Items from a data source:
Start of Block
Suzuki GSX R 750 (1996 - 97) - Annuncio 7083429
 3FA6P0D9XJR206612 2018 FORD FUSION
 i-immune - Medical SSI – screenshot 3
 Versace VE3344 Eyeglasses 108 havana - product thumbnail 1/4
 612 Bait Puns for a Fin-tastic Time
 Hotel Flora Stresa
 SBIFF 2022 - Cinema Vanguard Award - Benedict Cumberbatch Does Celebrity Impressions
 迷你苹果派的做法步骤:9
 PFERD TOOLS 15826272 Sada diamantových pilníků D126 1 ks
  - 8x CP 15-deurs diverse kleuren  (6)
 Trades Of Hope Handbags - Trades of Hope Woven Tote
End of Block
- Exercise brief -
Take the lines above from the one holding "SBIFF 2022 - Cinema" to the last and output them exactly.

- Expected answer -
 SBIFF 2022 - Cinema Vanguard Award - Benedict Cumberbatch Does Celebrity Impressions
 迷你苹果派的做法步骤:9
 PFERD TOOLS 15826272 Sada diamantových pilníků D126 1 ks
  - 8x CP 15-deurs diverse kleuren  (6)
 Trades Of Hope Handbags - Trades of Hope Woven Tote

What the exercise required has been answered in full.